The coherence between the PDO and NH sea ice area was strong and changes in fractality between the PDO and NH sea ice area were similar. The lead of the PDO to NH sea ice area was observed by changes in fractality and wavelet analysis. The PDO directly determine the ocean temperature of the Pacific sectors of the Arctic. The sea ice concentrate on is reduced in the warm phase, which can be partially attributed to the recent Arctic sea ice retreat [14]. The lead of the PDO to global temperature was observed by changes in fractality and wavelet analysis. During the period of the global warming hiatus, the changes in fractality between the PDO and global temperature were very similar in the 2000s. The influences of the PDO on NH sea ice area and global temperature were assessed based on changes in fractality and wavelet coherence. Sea ice is a sensitive component of the climate system, and influenced by the conditions in both the atmosphere and ocean [3].

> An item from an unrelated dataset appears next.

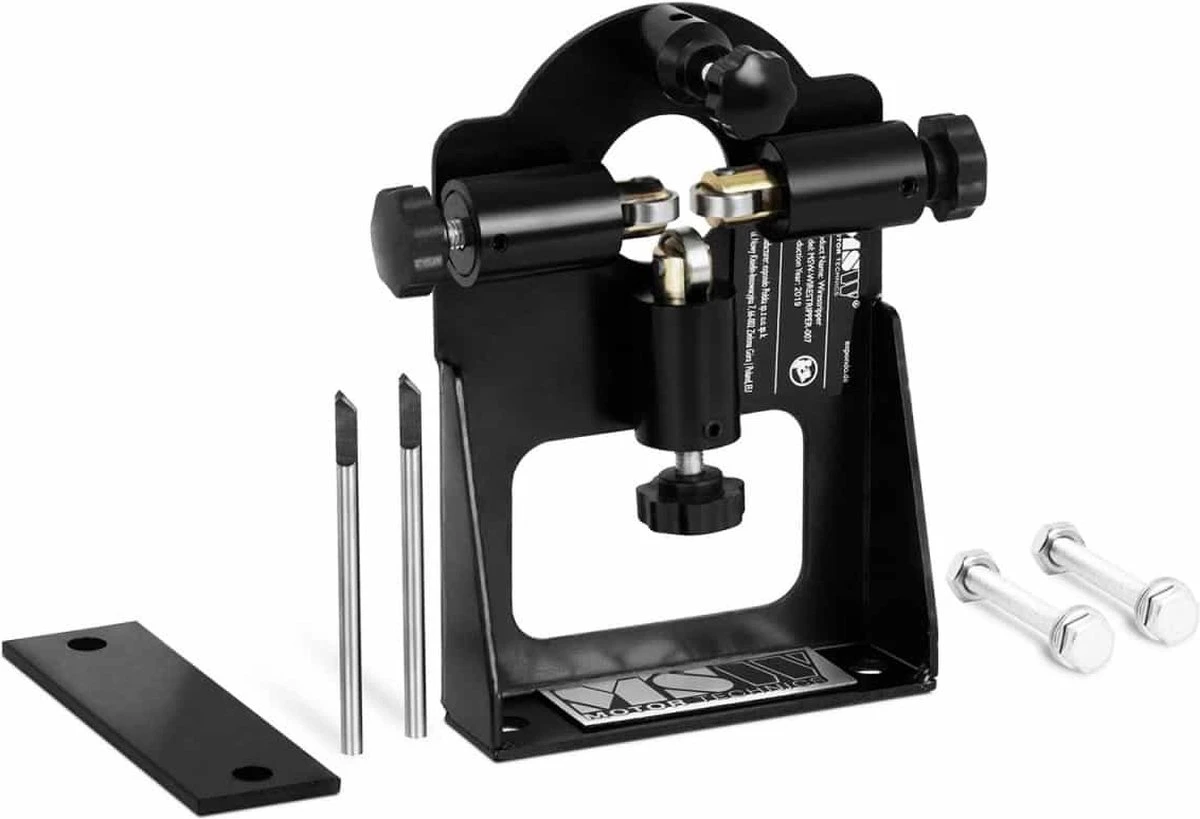 MSW Kabelstripper- Tafeluitvoering 3 MSW Kabelstripper- Tafeluitvoering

It has been suggested that the atmospheric circulation might be affected by sea ice [2]. Sea ice strongly influences albedo, surface turbulent heat fluxes, surface wind drag, and upper-ocean stratification, hence sea ice is a critical component of the climate system. The NH sea ice area was found to lead global temperature according to the wavelet analysis. We identified a relationship between the NH sea ice area and global temperature: higher global temperatures reduced sea ice and sunlight reflection and increased solar heat absorption, which in turn increased global temperature. The influence of global temperature on sea ice area was assessed based on changes in fractality, while the influence of sea ice area on global temperature was assessed based on wavelet coherence. The NH sea ice area showed monofractality and the order formation in the early 2000s. In the mid 2000s, the PDO and global temperature showed the change in state from multifractal to monofractal. When fluctuations became large and multifractality became strong, a change from multifractal to monofractal behavior was observed. Hence, in the 2000s when the global warming hiatus occurred, after the order formation of NH sea ice area, the change in state of the PDO and global temperature occurred. The relationship between the NH sea ice area and global temperature was shown from the changes in fractality.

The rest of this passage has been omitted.